Es wird das Standardwerk zur Musikstadt Leipzig - auf Jahre hinaus. Ob man sich alle drei Bände zulegen wird oder nur einzelne: So kompakt bekommt man das Wesentliche zum musikalischen Leipzig nirgendwo beisammen. Selbst wenn es immer wieder Bücher zu einzelnen Glanzlichtern der Leipziger Musikgeschichte gibt und immer wieder geben wird. Wer die Stadt und ihre Musik liebt, hat eh schon ein ganzes Regal voller Leipziger Musikbücher. Die drei Bildbände, die der Lehmstedt Verlag jetzt vorlegt, passen auch noch hinein.

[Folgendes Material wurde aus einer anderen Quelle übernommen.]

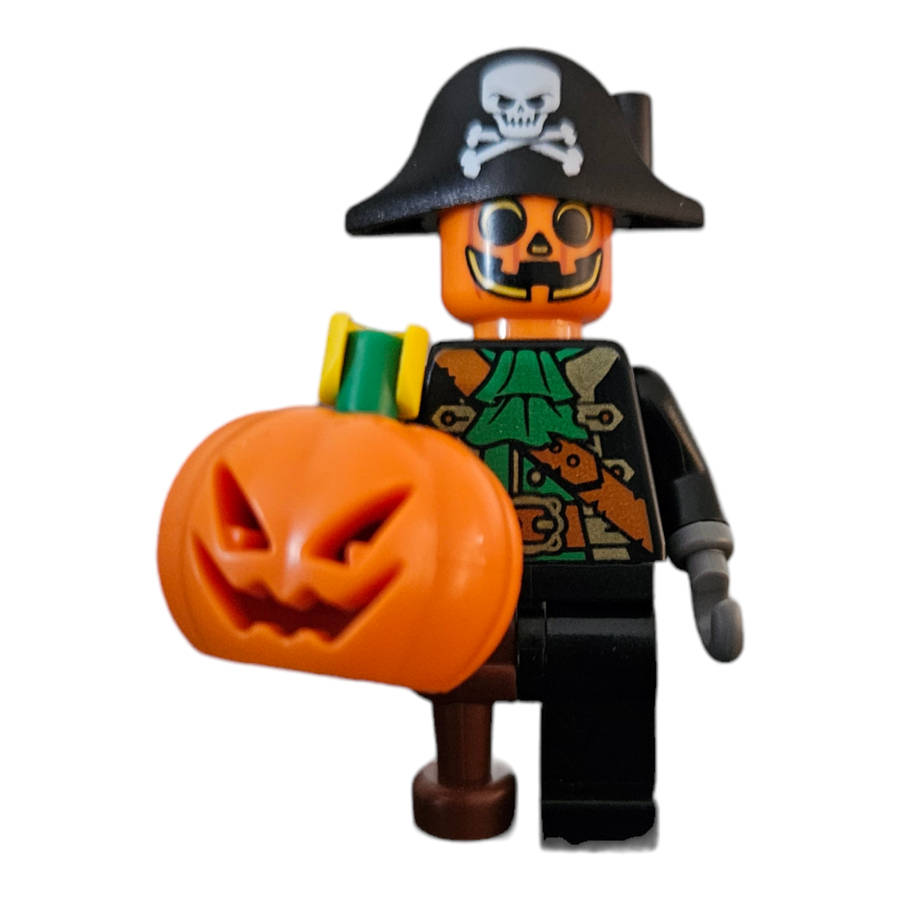Pumpkin scary pirate captain lego minifigure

Der erste – von Dr. Michael Maul betreut – umfasste die Anfangszeit bis zum späten 18. Jahrhundert. So ungefähr bis 1775. Eigentlich kann man sogar sagen: bis 1778. Das ist die Zeitenwende, die die damaligen Leipziger sehr wohl als solche erlebten, auch wenn das Jahr in der heutigen Leipziger Erinnerungskultur keine Rolle spielt. Sollte es aber. Denn Revolutionen finden manchmal statt, ohne dass die Fernsehteams aus aller Welt angereist kommen. 1778 war so ein Knackpunkt: Es war das Jahr, in dem Carl Wilhelm Müller Bürgermeister wurde und aus dem alten, noch halb mittelalterlich, halb ständisch organisierten Leipzig der Professoren und Kaufleute das moderne, von wirtschaftlicher, kultureller und bildungspolitischer Entfaltung geprägte Leipzig schuf.

Er ließ die Nikolaikirche klassizistisch umbauen, ließ einen Teil der alten Stadtmauern niederreißen und Parks und Promenaden anlegen, und der aufsehenerregende Konzertsaal für das Große Konzert entstand im alten Messhaus der Tuchhändler, dem Gewandhaus. Die Entwicklung der Musikstadt – ein Begriff, der auf Leipzig eigentlich erst ab dem 19. Jahrhundert zutrifft, – hängt mit diesem stark im Geist der Aufklärung gesetzten Impuls zusammen, der die Stadt nun auch für Musikverleger, engagierte Herausgeber musikalischer Zeitschriften und hochkarätige Musiker aus aller Welt attraktiv machte.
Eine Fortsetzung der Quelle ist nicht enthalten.